History buffs are certainly more familiar with the area than golf enthusiasts,
as  The Battle  of Rocky Face took  place in 1864 led by Union General William
Tecumseh  Sherman. Although  cries that  the "South  will rise  again" can  be
heard,  the  main talk around town  is about the sensational course that Fazio

The  Carpet Capital  Collegiate Tournament has been held at The Farm since its
inception  in 1989.  Past team champions include six-time winner Georgia Tech,
four-time champion Clemson and two-time victors Florida and Georgia. Even more
impressive  is the  list of  medalists at  this tournament.  PGA Tour  players
Stewart Cink, Tim Clark, Lucas Glover, D.J. Trahan, Bryce Molder and Bill Haas
have all earned individual honors.

In  1990, the  Georgia Amateur  was held  at The  Farm Golf  Club and  current
Champions  Tour  and  two-time  U.S.  Senior Open  champion  Allen  Doyle  was
victorious. Doyle was a six-time Georgia State Amateur Champion, capturing his
last at The Farm.

Justin  Leonard, who  played  his college  golf at  the  University of  Texas,
captured  the 1993 Southern Amateur at The Farm, the same year he was a member
of the Walker Cup team.

The Farm Golf Club has also served as the site of USGA qualifying for the U.S.
Women's  Open, and  in 2005 the USGA Senior Amateur Championship came to Rocky
Face. The final was between defending champion Mark Bemowski and Mike Rice.

After  the players halved  the first two holes, Bemowski took a 2-up lead with
pars  on  the third and fourth.  However, Rice got one  back with a par on the
fifth.
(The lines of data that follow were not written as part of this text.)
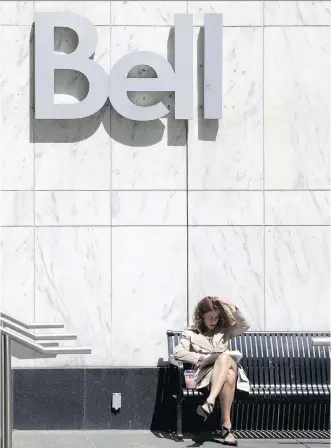  ?? BRENT LEWIN/BLOOMBERG FILES ?? Bell Canada got the biggest number of complaints at 4,734, or 33.2 per cent of the total. The total number of complaints about telecom companies was up 57 per cent from the previous year.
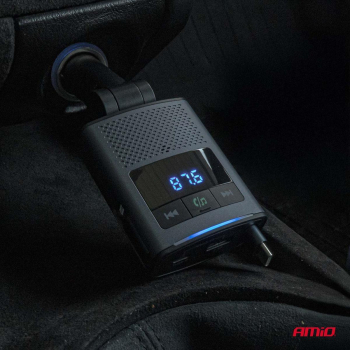 Transmiter samochodowy FM 1×USB-A 1×USB-C 12V 24V -139428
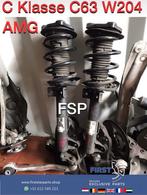 W204 C63 AMG veerpoot compleet Mercedes C Klasse schokbreker, Gebruikt, -, Ophalen of Verzenden, -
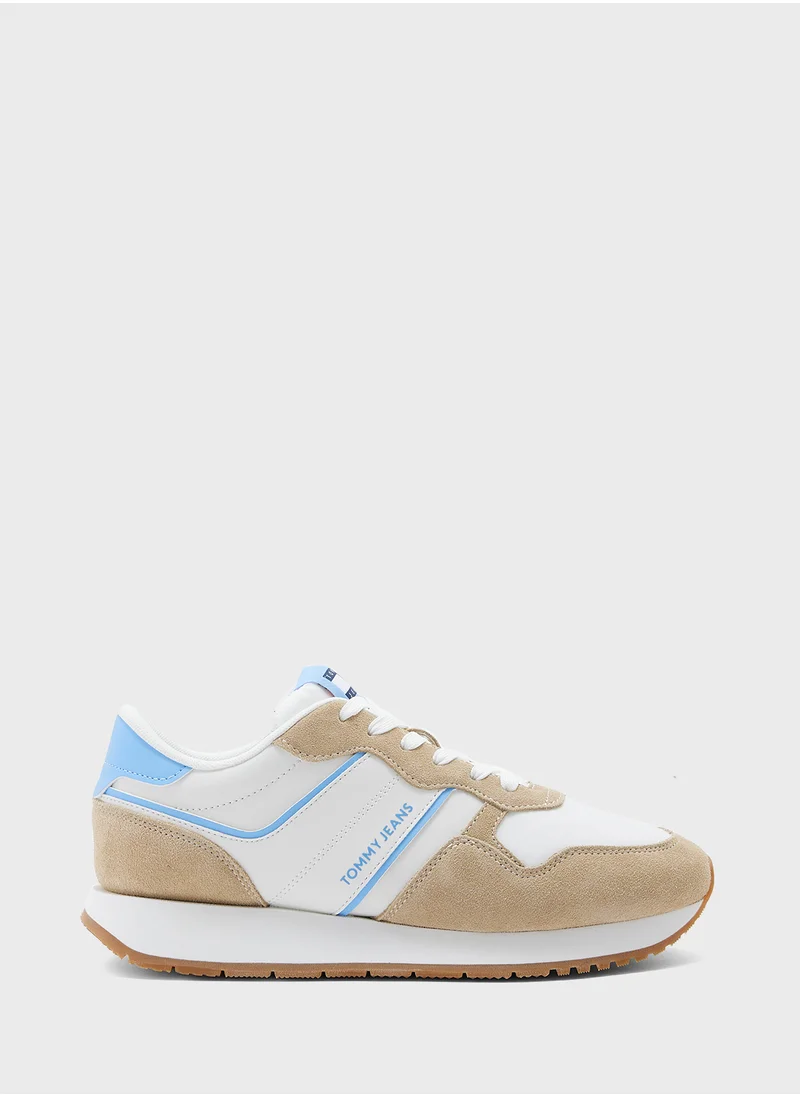 تومي جينز Eva Lace Up Low Top Sneakers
Bemowski regained his 2-up advantage with another par on seven and held
that  lead through 11. Rice made the first birdie of the match on the 12th and
then  birdied again on  14 to square the match, as Bemowski conceded the hole.
Bemowski  reclaimed  the lead  with a  conceded birdie on  16. Rice once again
squared the match with a two-putt par on 17. On the last, both players reached
the  putting  surface in regulation,  with Bemowski 22  feet away and Rice 20.
Putting  first, Bemowski  knocked his  birdie  attempt four  feet past,  while
Rice's  birdie try slipped 2 1/2 feet by the hole. After Bemowski missed, Rice
sank  the putt  for the championship, becoming the fifth-oldest Senior Amateur
champion at the age of 65.

REVIEW: The course opens with a simple, but solid, par four of just 361 yards.
From  an elevated tee, this dogleg right is a great starting hole, as it eases
the player into the round. Just a three metal off the tee will set up a simple
wedge  to a  front-to-back sloping  green. The  putting surface  is open,  but
narrow,  as sand  guards  left  and right.  Pin  placement  will dictate  your
approach, with a front-right flag quite intriguing.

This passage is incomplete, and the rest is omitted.